Task prompt:
Leave the pictures out, and repeat exactly each line from the one that holds "Chinese Blue and" through the final line of the entries below.

_ _ _ _

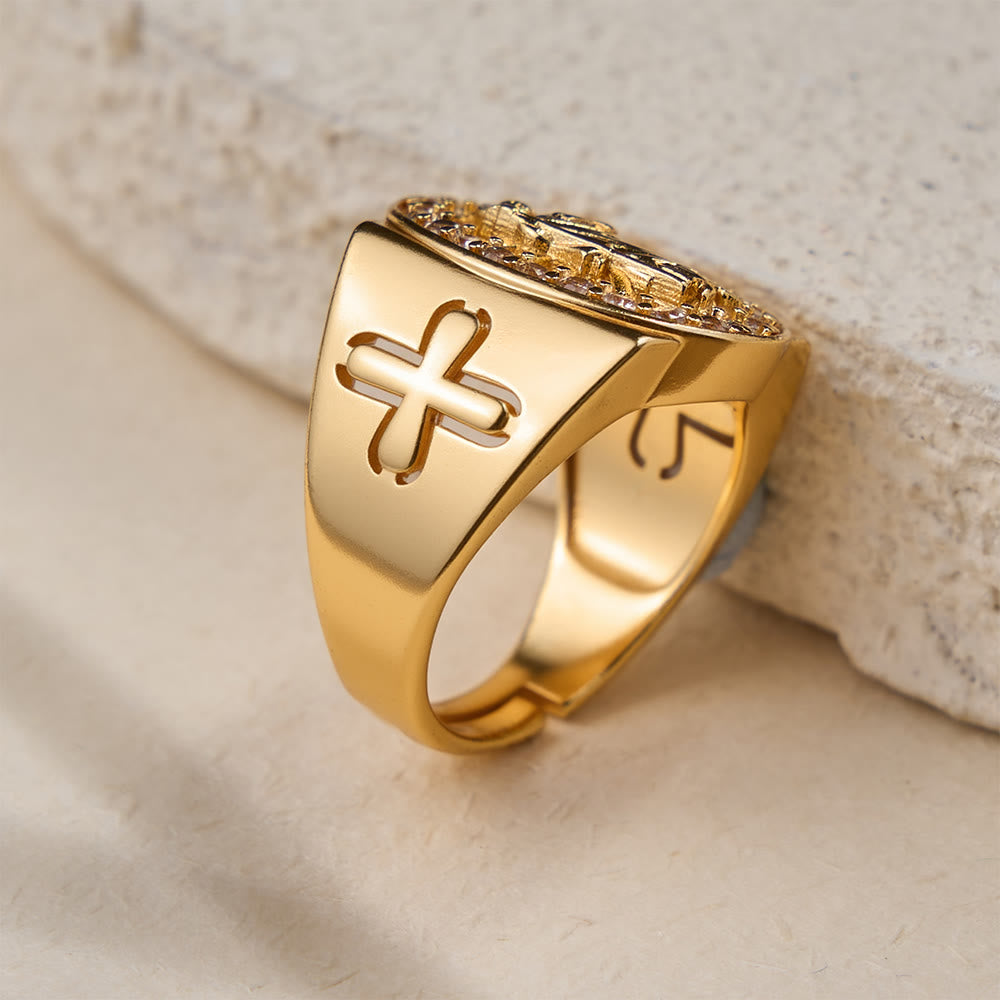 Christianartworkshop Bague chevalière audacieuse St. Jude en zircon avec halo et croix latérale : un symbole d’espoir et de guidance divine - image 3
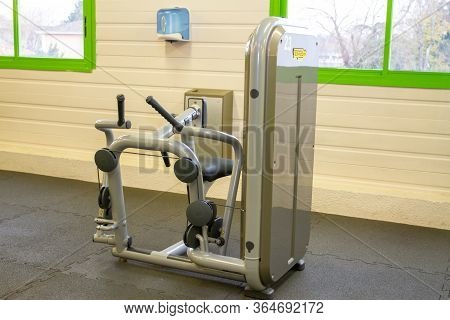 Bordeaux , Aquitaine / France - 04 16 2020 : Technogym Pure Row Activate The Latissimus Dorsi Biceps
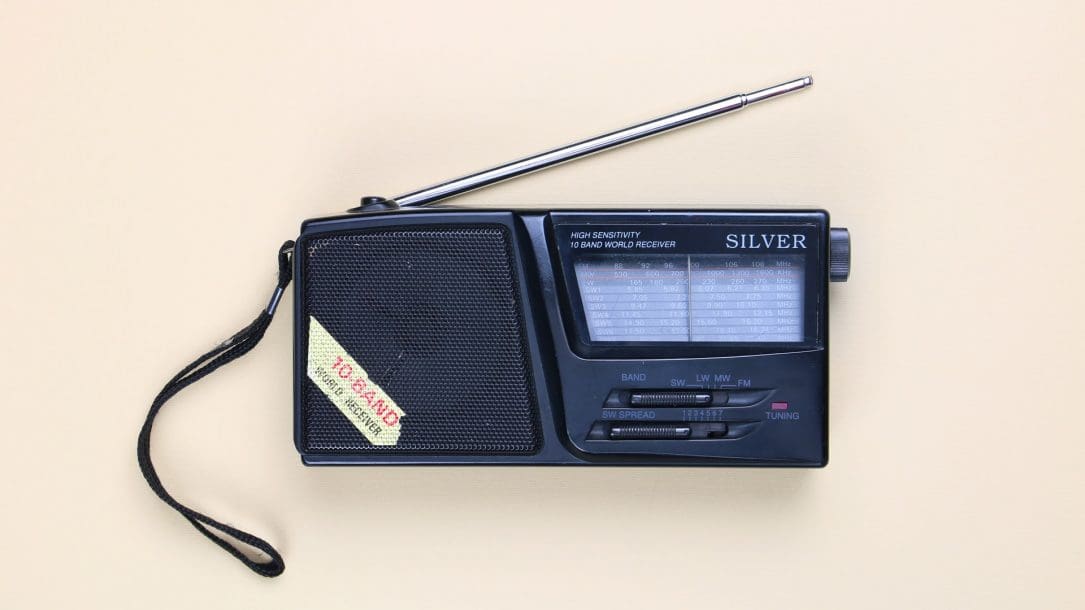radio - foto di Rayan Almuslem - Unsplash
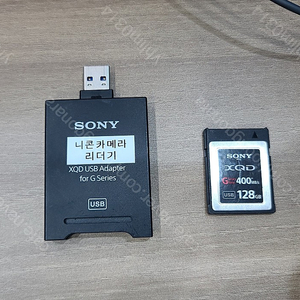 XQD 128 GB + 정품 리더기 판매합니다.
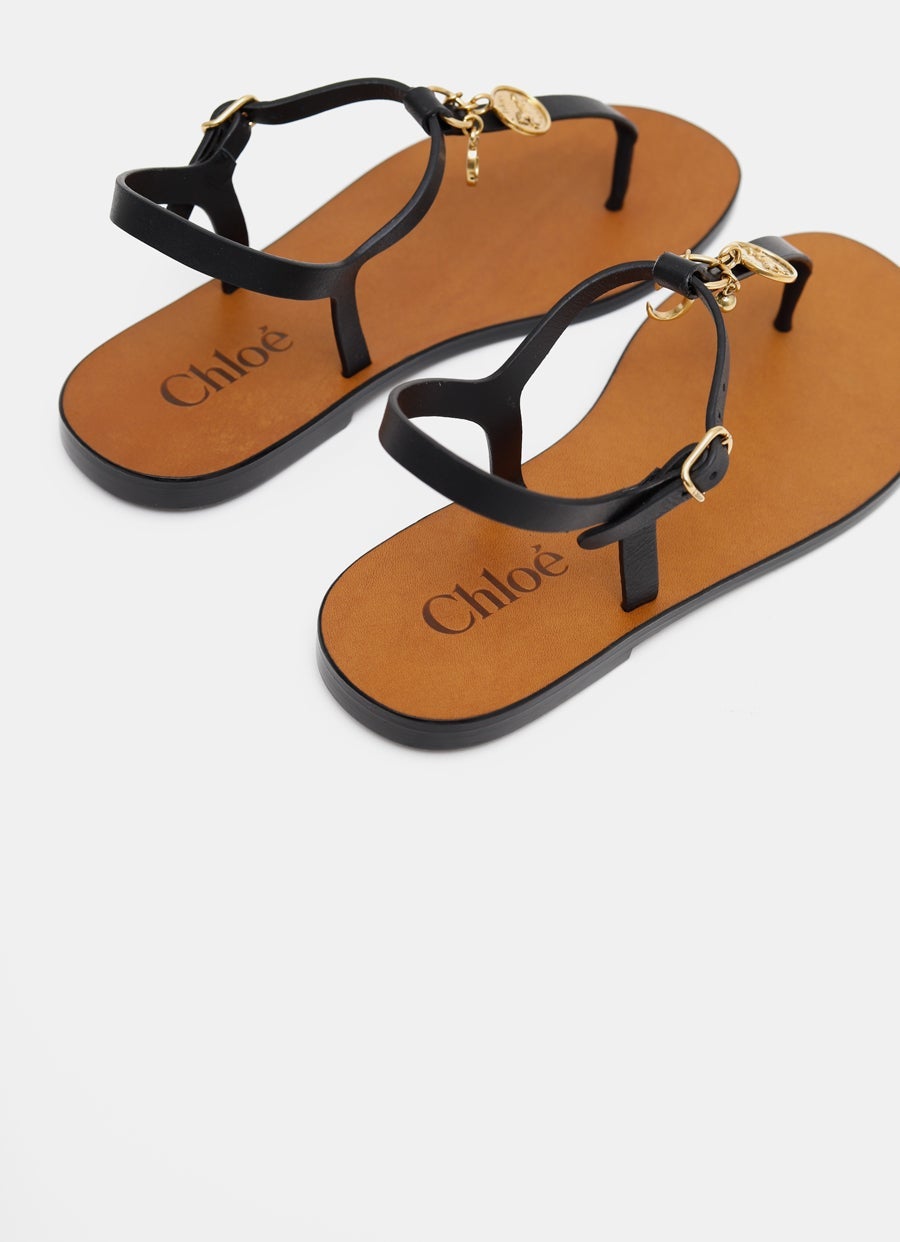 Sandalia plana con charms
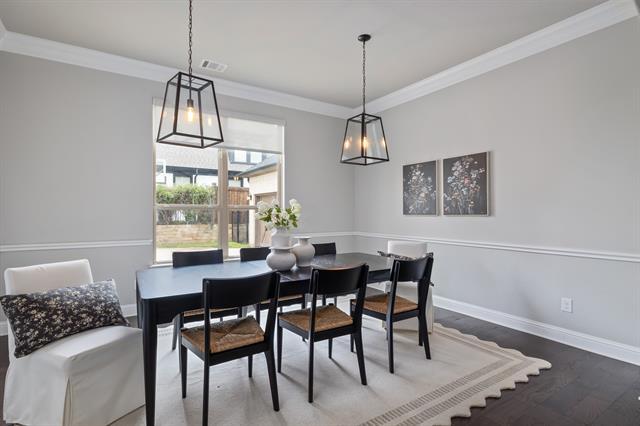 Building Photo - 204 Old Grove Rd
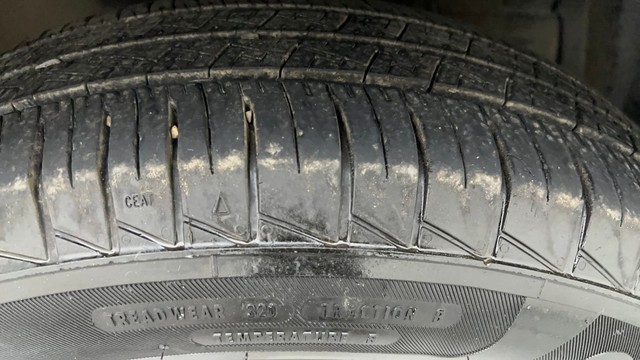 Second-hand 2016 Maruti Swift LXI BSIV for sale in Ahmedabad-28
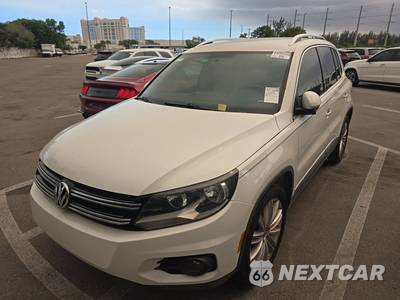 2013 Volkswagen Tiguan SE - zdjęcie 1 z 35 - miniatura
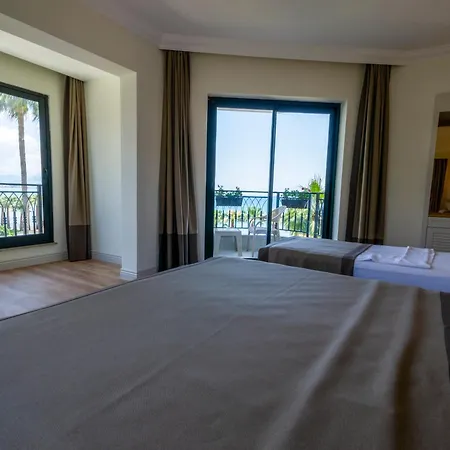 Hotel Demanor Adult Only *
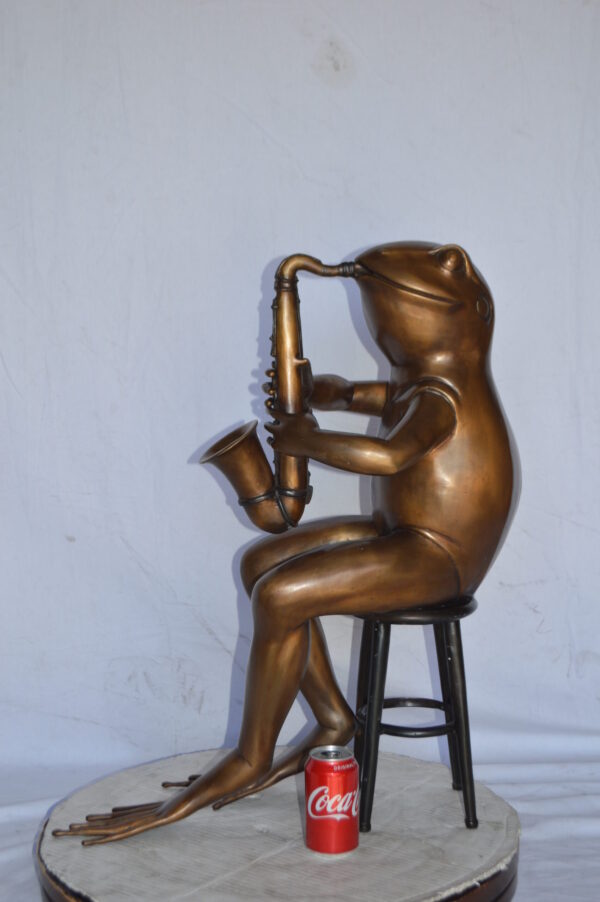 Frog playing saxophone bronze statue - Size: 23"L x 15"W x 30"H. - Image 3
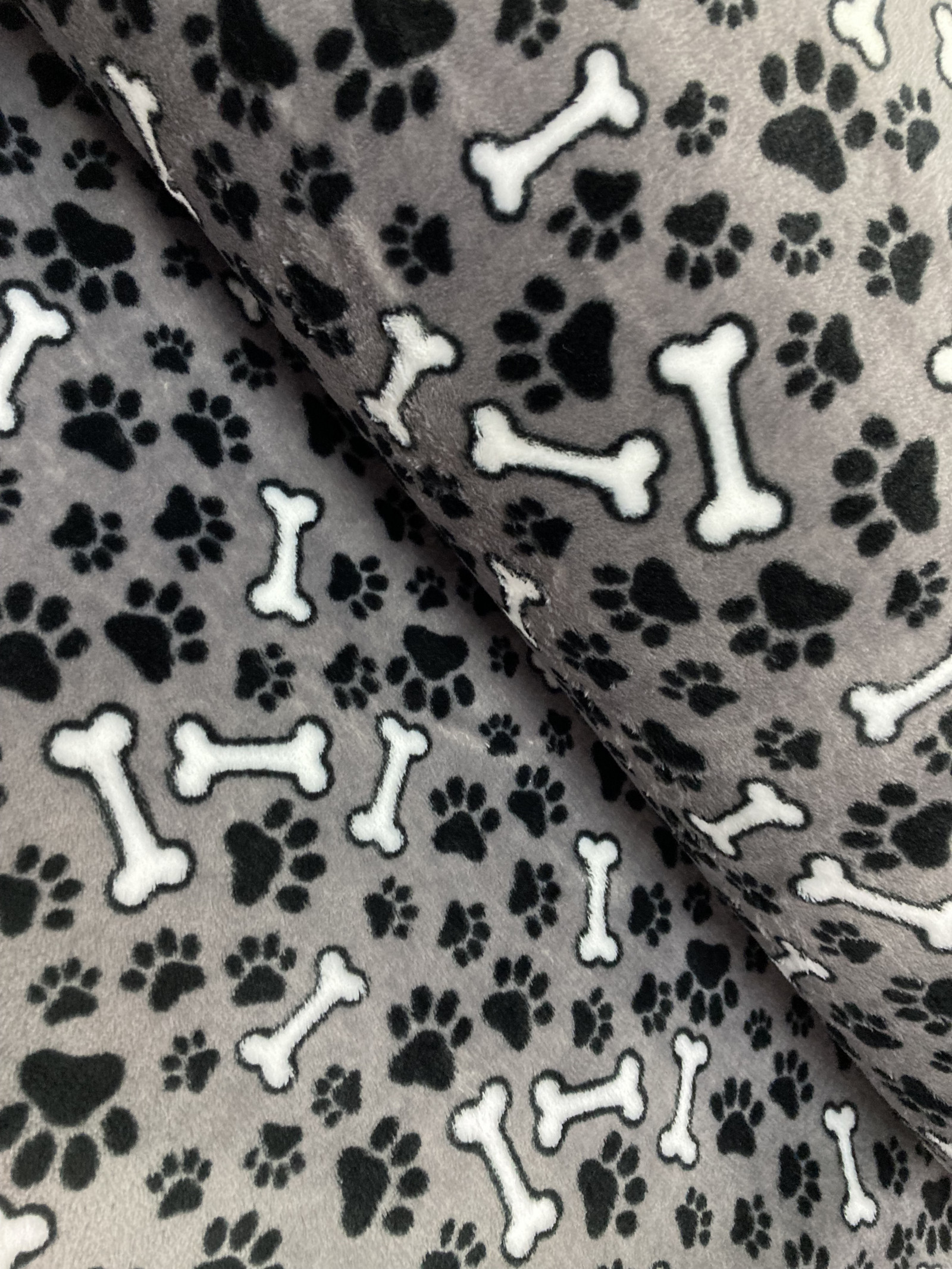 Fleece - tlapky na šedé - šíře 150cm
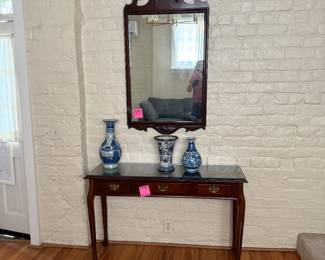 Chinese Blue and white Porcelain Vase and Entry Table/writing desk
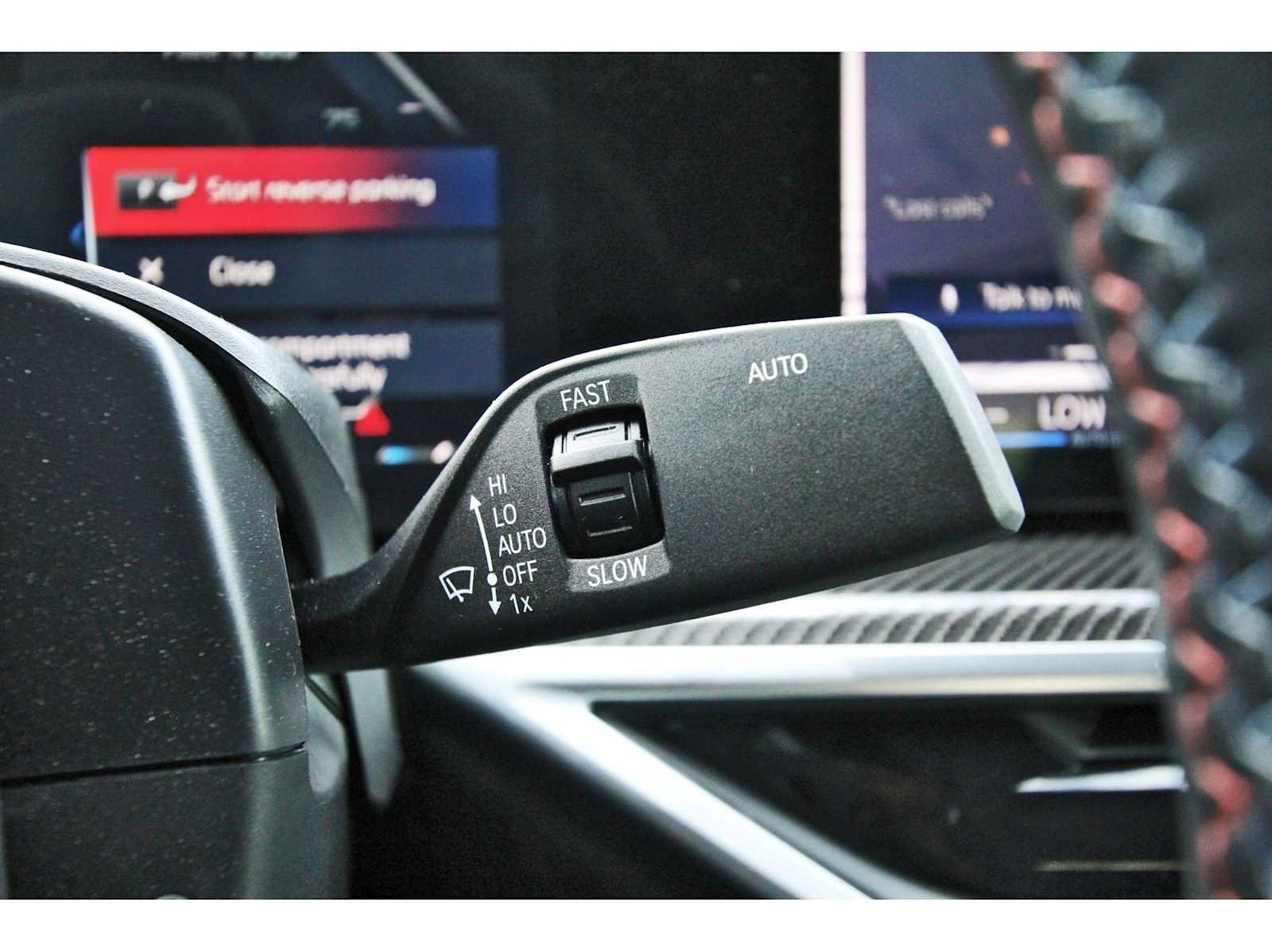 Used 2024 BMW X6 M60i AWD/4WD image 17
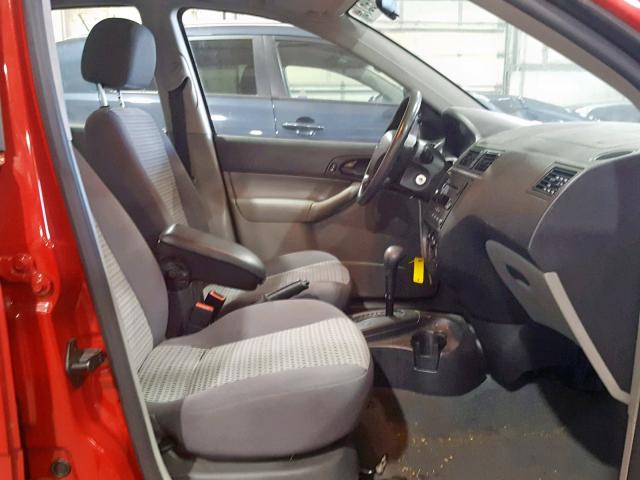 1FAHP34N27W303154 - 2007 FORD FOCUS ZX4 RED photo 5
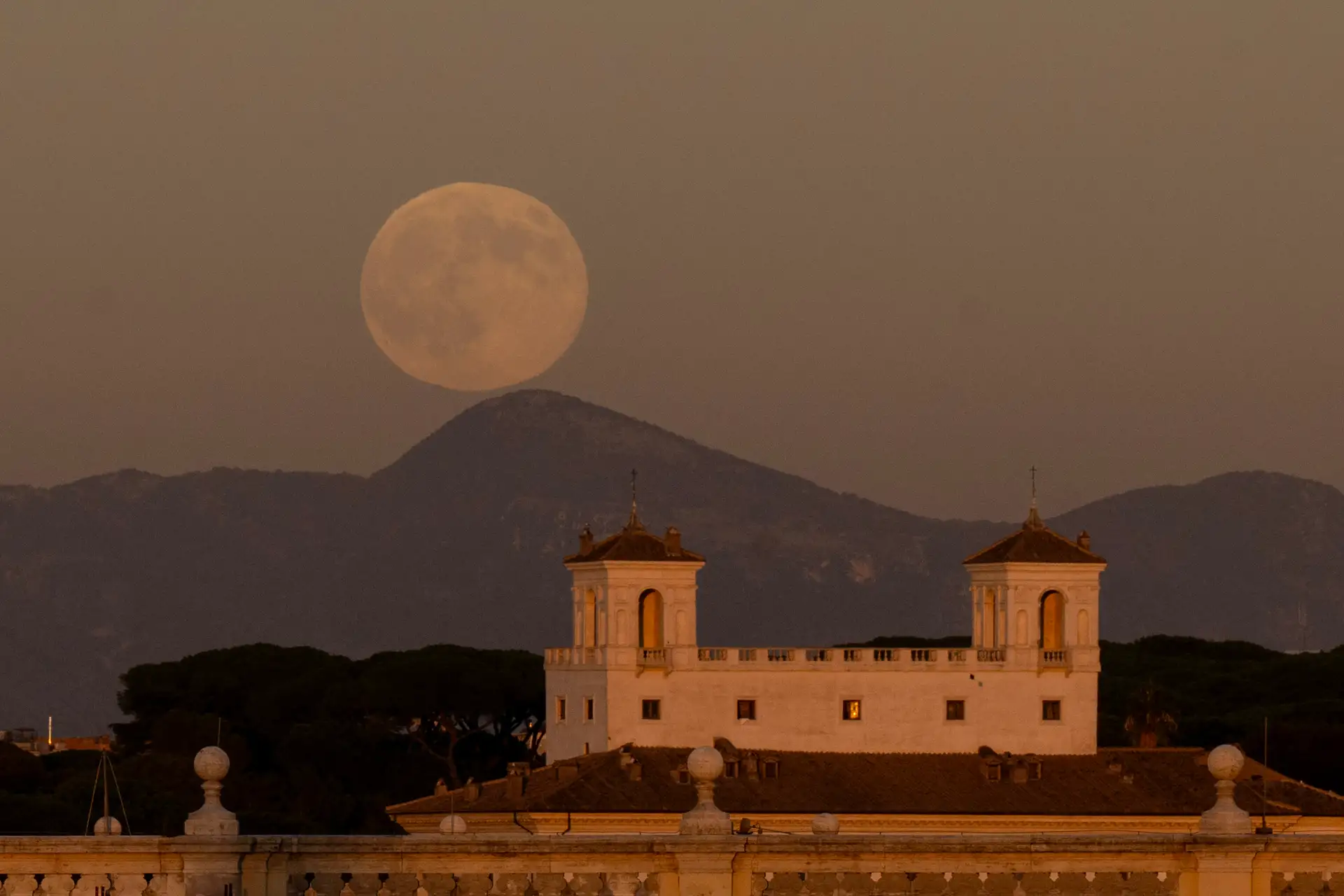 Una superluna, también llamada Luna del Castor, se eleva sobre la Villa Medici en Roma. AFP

_ _ _ _

Answer to this problem:
 Chinese Blue and white Porcelain Vase and Entry Table/writing desk
 Used 2024 BMW X6 M60i AWD/4WD image 17
 1FAHP34N27W303154 - 2007 FORD FOCUS ZX4 RED photo 5
 Una superluna, también llamada Luna del Castor, se eleva sobre la Villa Medici en Roma. AFP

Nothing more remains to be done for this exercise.